2 candidates look to serve as Ga. Supreme Court justice

2 candidates look to serve as Ga. Supreme Court justice

ALBANY, Ga. (WALB) - Two candidates are vying for one of the justice positions on the Georgia State Supreme Court.

The incumbent, Sarah Hawkins Warren, and the deputy chief assistant district attorney for the Dougherty Judicial Circuit, Hal Moroz.

Tuesday’s election will decide the nonpartisan post.

Sarah Hawkins Warren was appointed to the Supreme Court Of Georgia in September 2018 and is now running for election for the first time.

“Being on the Supreme Court has been the greatest honor of my professional career. And it’s a job I want to keep, not just because it’s my job, but because I really think it’s my vocation,” said Warren.

Warren is opposed by Hal Moroz, of Albany.

Moroz served 21 years in the Army, becoming an attorney.

He has also served in several Georgia cities as a magistrate judge, city chief judge and acting probate judge.

Moroz said working four years as an assistant district attorney has opened his eyes to Georgia Supreme Court decisions he did not agree with.

“I saw many things happening in state Supreme Court, and I thought you know what, I need to get involved. And I think the unrest we are experiencing right now across the country is a lack of confidence in our core institutions,” said Moroz.

Moroz cites his long and varied experience in the court system as one reason he is the more qualified candidate.

Warren was the solicitor general for the Georgia Attorney General, which she said highly qualified her appointment.

“I was coordinating appellate advocacy for the entire law department for the state, regularly making arguments before the Georgia Supreme Court and other state and federal courts. Argued before the United States Supreme Court. I was the attorney general’s primary constitutional law advisor. That was the springboard for me to be appointed to the court,” said Warren.

Warren said serving on the Supreme Court is how she thinks she can best possibly serve her home state.

Moroz also said he wants to serve his home on the Supreme Court, making sure laws provide equal justice for all.

“We have to have gatekeepers on the Supreme Court who look at cases and decide is justice being equally doled out. And I am talking about equal justice for all. I’m talking about founding principles,” said Moroz.

Tuesday’s election will decide the justice post, with the winner serving a six-year term.

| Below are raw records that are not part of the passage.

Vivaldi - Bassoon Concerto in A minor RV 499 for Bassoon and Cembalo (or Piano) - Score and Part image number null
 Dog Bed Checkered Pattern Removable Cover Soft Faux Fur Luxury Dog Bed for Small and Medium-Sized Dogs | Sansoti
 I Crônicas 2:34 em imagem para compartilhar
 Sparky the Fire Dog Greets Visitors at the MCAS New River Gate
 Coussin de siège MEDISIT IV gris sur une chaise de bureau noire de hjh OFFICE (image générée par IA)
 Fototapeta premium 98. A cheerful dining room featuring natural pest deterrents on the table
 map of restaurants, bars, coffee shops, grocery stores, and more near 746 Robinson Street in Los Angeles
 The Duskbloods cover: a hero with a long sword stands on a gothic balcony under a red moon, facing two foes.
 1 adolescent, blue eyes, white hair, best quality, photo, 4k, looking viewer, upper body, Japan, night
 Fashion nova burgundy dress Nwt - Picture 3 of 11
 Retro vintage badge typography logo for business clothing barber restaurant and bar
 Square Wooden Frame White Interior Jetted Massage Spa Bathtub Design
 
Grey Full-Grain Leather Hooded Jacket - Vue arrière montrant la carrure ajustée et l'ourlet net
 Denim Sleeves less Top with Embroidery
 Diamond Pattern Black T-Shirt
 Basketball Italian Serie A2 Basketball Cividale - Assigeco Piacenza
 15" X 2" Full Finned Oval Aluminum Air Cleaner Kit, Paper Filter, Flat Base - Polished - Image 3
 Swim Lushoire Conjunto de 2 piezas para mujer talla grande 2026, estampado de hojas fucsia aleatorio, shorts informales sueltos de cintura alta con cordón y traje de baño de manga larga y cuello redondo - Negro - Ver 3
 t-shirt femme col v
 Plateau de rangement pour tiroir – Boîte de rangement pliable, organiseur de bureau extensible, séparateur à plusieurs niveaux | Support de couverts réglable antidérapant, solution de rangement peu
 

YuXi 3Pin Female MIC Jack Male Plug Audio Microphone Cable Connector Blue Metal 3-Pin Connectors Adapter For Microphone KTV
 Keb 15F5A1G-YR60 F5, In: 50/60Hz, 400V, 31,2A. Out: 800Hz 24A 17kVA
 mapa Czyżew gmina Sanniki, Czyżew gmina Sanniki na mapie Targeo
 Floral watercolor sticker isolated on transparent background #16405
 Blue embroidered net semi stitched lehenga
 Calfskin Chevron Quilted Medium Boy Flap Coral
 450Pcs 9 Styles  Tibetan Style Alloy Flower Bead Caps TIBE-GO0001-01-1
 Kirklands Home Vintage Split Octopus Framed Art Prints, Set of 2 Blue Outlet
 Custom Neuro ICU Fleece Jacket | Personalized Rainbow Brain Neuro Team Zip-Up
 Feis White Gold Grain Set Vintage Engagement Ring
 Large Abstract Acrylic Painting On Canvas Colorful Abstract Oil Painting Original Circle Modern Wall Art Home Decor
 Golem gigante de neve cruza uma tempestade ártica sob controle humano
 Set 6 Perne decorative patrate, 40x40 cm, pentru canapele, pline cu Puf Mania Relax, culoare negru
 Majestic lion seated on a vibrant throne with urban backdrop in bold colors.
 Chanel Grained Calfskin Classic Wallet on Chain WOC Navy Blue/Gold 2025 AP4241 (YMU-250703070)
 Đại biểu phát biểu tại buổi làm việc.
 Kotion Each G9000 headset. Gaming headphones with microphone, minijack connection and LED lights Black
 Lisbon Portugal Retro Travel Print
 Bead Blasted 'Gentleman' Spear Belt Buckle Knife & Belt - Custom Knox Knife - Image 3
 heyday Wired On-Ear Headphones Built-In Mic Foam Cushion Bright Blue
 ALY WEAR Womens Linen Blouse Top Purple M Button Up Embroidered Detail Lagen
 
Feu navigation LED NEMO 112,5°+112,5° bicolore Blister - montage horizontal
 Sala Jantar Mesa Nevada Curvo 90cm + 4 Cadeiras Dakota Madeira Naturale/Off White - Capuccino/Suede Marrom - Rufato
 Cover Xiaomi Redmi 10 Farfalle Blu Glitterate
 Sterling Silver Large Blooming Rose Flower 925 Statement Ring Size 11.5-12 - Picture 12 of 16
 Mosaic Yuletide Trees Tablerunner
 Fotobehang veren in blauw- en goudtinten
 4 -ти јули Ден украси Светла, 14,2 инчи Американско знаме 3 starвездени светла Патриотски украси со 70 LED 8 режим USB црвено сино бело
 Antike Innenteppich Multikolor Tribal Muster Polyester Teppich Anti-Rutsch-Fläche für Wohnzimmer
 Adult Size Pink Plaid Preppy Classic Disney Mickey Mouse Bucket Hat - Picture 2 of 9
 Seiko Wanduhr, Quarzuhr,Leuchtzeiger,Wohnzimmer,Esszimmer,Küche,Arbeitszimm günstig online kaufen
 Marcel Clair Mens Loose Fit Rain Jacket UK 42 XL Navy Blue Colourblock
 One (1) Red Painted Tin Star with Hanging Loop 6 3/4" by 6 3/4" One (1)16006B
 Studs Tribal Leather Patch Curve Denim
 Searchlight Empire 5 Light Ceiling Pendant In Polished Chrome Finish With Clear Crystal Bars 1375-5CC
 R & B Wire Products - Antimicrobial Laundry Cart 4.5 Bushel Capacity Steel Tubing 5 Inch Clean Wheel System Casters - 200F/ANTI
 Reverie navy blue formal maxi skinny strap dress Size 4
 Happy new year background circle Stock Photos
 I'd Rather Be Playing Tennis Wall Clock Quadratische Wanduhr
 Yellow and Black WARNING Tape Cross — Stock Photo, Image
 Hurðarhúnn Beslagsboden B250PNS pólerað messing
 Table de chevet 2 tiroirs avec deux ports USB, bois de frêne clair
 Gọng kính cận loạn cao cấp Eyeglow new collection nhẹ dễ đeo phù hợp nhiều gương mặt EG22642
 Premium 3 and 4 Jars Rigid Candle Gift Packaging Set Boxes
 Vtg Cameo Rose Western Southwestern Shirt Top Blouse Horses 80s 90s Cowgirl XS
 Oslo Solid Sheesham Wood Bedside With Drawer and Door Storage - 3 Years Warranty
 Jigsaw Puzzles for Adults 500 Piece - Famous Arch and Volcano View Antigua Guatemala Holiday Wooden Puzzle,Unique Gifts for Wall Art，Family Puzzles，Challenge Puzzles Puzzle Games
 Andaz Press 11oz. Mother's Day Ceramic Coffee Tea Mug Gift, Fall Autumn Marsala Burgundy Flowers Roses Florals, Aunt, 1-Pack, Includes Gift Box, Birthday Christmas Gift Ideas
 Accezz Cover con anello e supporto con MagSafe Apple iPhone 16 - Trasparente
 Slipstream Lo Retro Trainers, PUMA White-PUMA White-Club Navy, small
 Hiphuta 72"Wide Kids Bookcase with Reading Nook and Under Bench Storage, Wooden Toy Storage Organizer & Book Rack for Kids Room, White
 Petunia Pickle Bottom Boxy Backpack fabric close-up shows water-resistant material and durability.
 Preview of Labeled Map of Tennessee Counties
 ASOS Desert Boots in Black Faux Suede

Hal Moroz has authored many books and articles, including historical pieces.

WALB News 10 has been contacted by a person who questioned Hal Moroz’s qualifications because in one of his books, he praised Confederate leaders Jefferson Davis and Robert E. Lee.

We asked Moroz for a response and he sent us the following statement:

“When the words of any person over a lifetime are taken out of context, I realize they can be warped to fit any narrative. And I understand that politics is no place for the weak of heart or those sensitive to criticism.

I have taught United States history and the law, and have written about the same. They comprise dozens of books and countless articles over several decades. But some detractors of mine have taken words I have written in books and mixed them with fictitious social media postings to form what are anathema to my beliefs as an American and a Christian. And in that same context, I am informed that my detractors who take quotes out of context on historical figures I have written about, failed to mention any of my writings on people like Abraham Lincoln, Theodore Roosevelt or those who penned the Constitution or served with distinction in our military.

So there is no doubt, I love the Constitution and the inalienable rights its espouses, such as the freedom of speech and the proposition of equal justice under the law, regardless of someone’s race, gender, national origin or any of the immutable characteristics they may possess. In fact, I fought for those very rights as a soldier in the Army for the first 21 years of my adult life. And I have always aspired to conduct myself as a public figure in the highest traditions of the law and my upbringing. I am not perfect, but nor am I what others who do not know me would suggest I am."